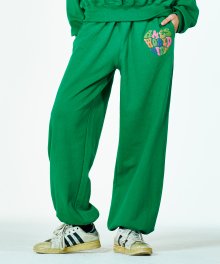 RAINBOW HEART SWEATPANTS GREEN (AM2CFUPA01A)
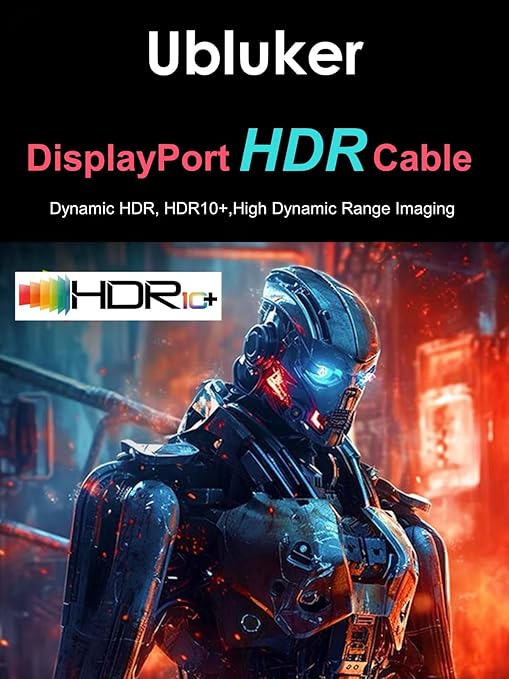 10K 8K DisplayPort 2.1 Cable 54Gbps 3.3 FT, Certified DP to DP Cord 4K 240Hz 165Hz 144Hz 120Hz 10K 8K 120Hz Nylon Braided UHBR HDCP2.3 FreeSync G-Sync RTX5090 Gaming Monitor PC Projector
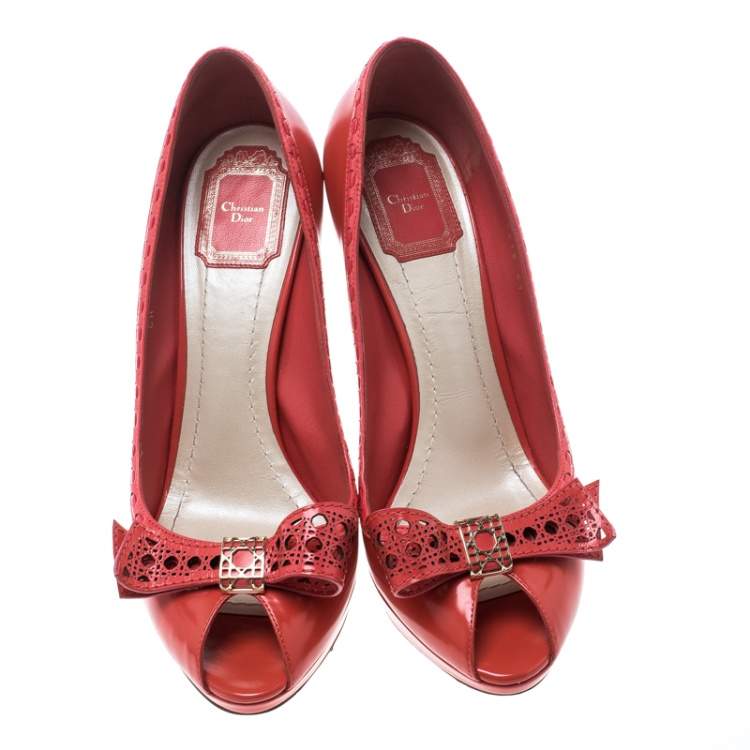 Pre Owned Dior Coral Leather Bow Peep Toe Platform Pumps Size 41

■ **WHAT IS REQUIRED**:
Without altering anything, output all the lines above but none of the images.

■ **COMPLETED EXERCISE**:
 RAINBOW HEART SWEATPANTS GREEN (AM2CFUPA01A)
 10K 8K DisplayPort 2.1 Cable 54Gbps 3.3 FT, Certified DP to DP Cord 4K 240Hz 165Hz 144Hz 120Hz 10K 8K 120Hz Nylon Braided UHBR HDCP2.3 FreeSync G-Sync RTX5090 Gaming Monitor PC Projector
 Pre Owned Dior Coral Leather Bow Peep Toe Platform Pumps Size 41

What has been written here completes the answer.